世界全体で見ると、65歳超の人の割合は現在の12人に1人から、2050年には6人に1人に膨れ上がる。この年、日本では人口の5人に1人が80歳を超す。アメリカでは、2030年の時点で16~24歳の人口が現在より10%減ると予測されている。
こうした人口構成の変化は、新しい働き方を設計する際に考慮すべき重要な問いを生み出す。日本のような国では、人々が60代、70代、80代になるまで働けるようにするために、何が必要かという問いである。
新しい働き方のモデルの妥当性を考える際に、検討すべき難しい問題が2つある。ひとつは、老いや生産性に関する固定観念にとらわれるあまり、60代以上の人たちの機会を狭めていないかという点。
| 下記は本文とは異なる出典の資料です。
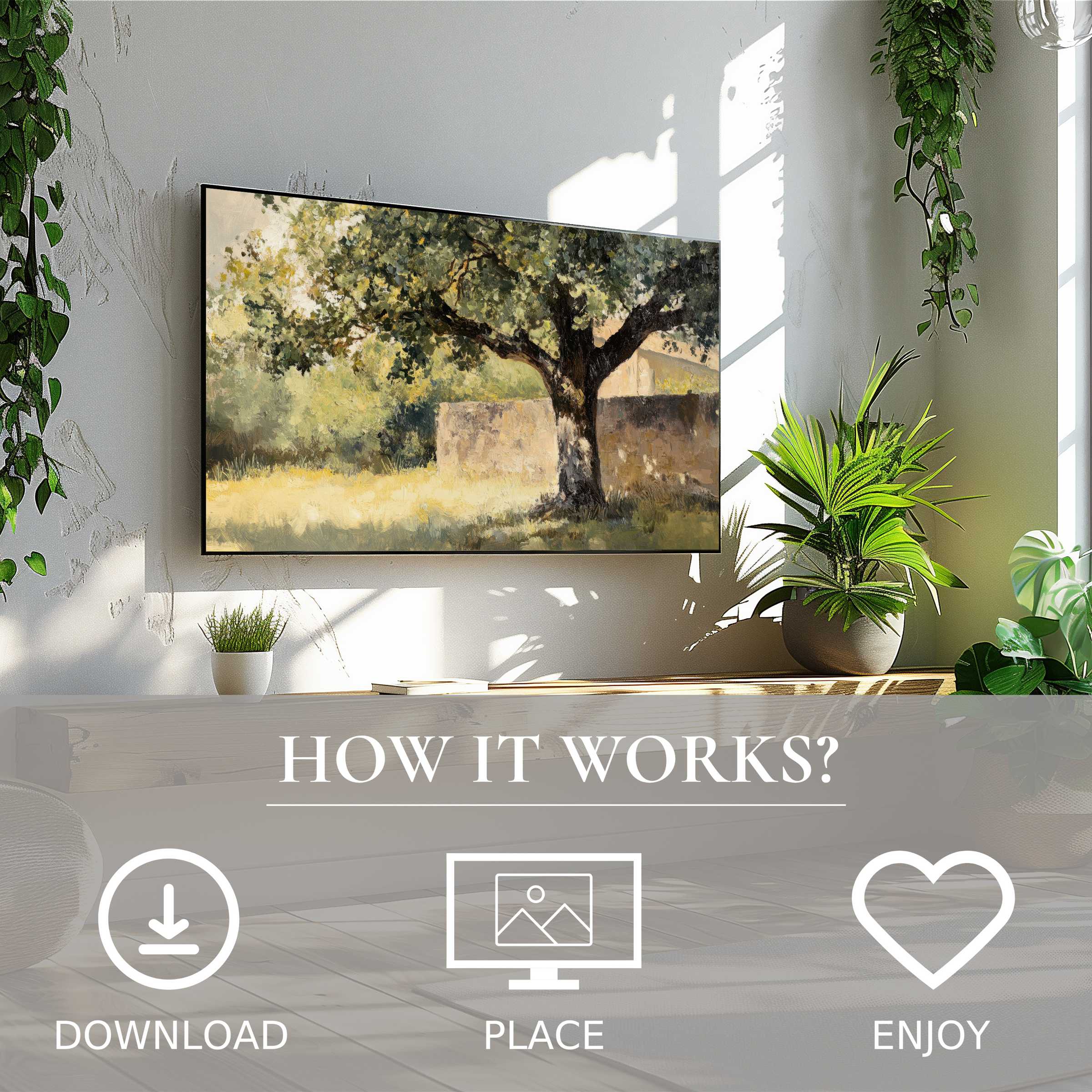 Tree art for Samsung TV shows soft sunset tones; easy digital download enriches modern living spaces with nature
もうひとつは、新しい働き方のモデルで20代や30代のニーズや願望にばかり目を向け、50代以上の人たちのニーズや願望を軽んじていないかという点だ。
ある年齢でピークに到達する能力はない
私たちは「老いのプロセス」を思い描くとき、肉体と認知能力が急激に減退すると思いがちだ。実際には、私の同僚のアンドリュー・スコットが指摘しているように、寿命が延びれば、健康で生産的に過ごせる日々が長くなる。人生の最後に経験する不健康期間そのものが短くなるわけではないが、人生全体に占める不健康期間の割合は小さくなる。
しかも、年齢を重ねるにつれて、いわゆる「結晶性知能」が育まれていく。結晶性知能とは、長年かけて蓄えられる知見や人的ネットワークや知識や知恵や戦略のこと。
これとは性格が異なるのが、情報処理、記憶保持、演繹的推論を行う能力である「流動性知能」だ。人がどちらのタイプの知的スキルに強みを持っているかは、人生を通じてたえず変わり続ける。
10代後半のときは、計算したり、ものごとのパターンを見出したりするスピードが速いかもしれない。30代には、短期記憶が最も強力な時期を迎えるだろう。